** Opening MATERIAL FOR THE TASK block **
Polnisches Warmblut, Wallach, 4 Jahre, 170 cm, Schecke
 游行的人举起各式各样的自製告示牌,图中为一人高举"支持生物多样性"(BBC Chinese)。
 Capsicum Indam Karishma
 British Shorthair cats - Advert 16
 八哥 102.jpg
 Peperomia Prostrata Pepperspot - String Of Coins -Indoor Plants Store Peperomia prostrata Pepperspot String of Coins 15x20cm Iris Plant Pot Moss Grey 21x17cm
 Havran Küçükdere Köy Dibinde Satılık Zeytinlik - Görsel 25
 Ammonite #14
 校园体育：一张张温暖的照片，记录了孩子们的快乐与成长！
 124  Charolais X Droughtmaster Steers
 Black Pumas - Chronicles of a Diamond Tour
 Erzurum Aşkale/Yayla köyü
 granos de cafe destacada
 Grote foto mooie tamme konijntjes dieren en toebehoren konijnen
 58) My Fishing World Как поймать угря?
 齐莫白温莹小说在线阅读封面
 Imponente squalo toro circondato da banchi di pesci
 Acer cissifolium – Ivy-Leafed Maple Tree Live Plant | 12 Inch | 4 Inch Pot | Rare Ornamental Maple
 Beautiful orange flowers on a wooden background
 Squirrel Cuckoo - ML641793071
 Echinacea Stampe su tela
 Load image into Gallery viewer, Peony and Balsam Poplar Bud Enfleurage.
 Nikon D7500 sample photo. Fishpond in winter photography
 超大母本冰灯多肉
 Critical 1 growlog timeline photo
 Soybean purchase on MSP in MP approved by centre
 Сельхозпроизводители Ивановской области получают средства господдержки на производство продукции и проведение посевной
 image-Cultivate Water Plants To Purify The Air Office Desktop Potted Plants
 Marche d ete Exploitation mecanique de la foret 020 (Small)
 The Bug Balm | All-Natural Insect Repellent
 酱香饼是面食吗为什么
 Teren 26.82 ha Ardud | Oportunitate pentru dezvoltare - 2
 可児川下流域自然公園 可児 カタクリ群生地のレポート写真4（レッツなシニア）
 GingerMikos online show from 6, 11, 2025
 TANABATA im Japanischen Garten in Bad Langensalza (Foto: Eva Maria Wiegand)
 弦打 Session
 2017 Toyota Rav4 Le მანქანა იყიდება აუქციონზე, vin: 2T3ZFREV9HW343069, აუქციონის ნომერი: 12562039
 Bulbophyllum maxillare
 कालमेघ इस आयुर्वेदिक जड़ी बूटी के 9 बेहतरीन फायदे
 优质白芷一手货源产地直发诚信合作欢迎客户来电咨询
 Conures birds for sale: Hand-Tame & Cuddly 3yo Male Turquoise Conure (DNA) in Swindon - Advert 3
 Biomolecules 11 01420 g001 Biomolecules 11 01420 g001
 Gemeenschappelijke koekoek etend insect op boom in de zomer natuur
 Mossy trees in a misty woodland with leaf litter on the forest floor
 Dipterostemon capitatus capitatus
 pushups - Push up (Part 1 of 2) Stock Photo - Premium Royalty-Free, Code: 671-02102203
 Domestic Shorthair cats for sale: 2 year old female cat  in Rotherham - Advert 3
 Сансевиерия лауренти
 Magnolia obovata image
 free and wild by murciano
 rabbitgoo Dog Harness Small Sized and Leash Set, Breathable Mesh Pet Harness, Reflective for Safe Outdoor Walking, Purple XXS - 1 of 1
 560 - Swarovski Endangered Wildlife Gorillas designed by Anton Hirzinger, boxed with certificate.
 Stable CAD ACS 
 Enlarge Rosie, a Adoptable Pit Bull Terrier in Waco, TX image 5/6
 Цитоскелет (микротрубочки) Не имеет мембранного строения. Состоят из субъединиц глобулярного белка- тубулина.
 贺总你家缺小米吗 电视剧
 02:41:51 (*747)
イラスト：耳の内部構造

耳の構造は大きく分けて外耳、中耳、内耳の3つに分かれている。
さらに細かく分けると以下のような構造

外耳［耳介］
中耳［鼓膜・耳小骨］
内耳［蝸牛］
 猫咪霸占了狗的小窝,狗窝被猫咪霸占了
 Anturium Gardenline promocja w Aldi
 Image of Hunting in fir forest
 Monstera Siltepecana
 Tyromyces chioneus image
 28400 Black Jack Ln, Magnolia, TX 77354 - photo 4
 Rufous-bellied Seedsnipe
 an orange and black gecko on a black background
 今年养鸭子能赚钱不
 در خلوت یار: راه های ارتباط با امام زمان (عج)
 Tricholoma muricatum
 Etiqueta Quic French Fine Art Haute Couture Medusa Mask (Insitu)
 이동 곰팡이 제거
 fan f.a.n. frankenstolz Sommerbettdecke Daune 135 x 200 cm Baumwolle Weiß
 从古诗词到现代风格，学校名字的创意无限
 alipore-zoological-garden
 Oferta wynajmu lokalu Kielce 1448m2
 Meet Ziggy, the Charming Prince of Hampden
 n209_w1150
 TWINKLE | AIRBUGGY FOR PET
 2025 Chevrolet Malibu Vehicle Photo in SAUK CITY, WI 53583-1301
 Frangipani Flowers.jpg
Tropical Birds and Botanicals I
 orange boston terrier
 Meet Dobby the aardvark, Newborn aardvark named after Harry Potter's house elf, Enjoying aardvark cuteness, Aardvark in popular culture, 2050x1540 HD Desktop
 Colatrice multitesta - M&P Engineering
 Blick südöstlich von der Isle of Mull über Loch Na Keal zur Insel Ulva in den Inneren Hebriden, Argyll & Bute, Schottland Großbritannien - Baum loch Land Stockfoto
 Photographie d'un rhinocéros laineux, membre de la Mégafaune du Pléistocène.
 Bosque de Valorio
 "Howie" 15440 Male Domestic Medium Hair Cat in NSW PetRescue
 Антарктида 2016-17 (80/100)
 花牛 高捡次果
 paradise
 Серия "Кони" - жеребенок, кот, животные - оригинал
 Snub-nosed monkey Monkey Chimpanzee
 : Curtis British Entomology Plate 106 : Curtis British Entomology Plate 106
** Closing MATERIAL FOR THE TASK block **
# TASK ITEM
Print the lines above from the one with "Mossy trees in" through the one with "さらに細かく分けると以下のような構造", both included, exactly as written and nothing more.

# RESPONSE TO THIS TASK
 Mossy trees in a misty woodland with leaf litter on the forest floor
 Dipterostemon capitatus capitatus
 pushups - Push up (Part 1 of 2) Stock Photo - Premium Royalty-Free, Code: 671-02102203
 Domestic Shorthair cats for sale: 2 year old female cat  in Rotherham - Advert 3
 Сансевиерия лауренти
 Magnolia obovata image
 free and wild by murciano
 rabbitgoo Dog Harness Small Sized and Leash Set, Breathable Mesh Pet Harness, Reflective for Safe Outdoor Walking, Purple XXS - 1 of 1
 560 - Swarovski Endangered Wildlife Gorillas designed by Anton Hirzinger, boxed with certificate.
 Stable CAD ACS 
 Enlarge Rosie, a Adoptable Pit Bull Terrier in Waco, TX image 5/6
 Цитоскелет (микротрубочки) Не имеет мембранного строения. Состоят из субъединиц глобулярного белка- тубулина.
 贺总你家缺小米吗 电视剧
 02:41:51 (*747)
イラスト：耳の内部構造

耳の構造は大きく分けて外耳、中耳、内耳の3つに分かれている。
さらに細かく分けると以下のような構造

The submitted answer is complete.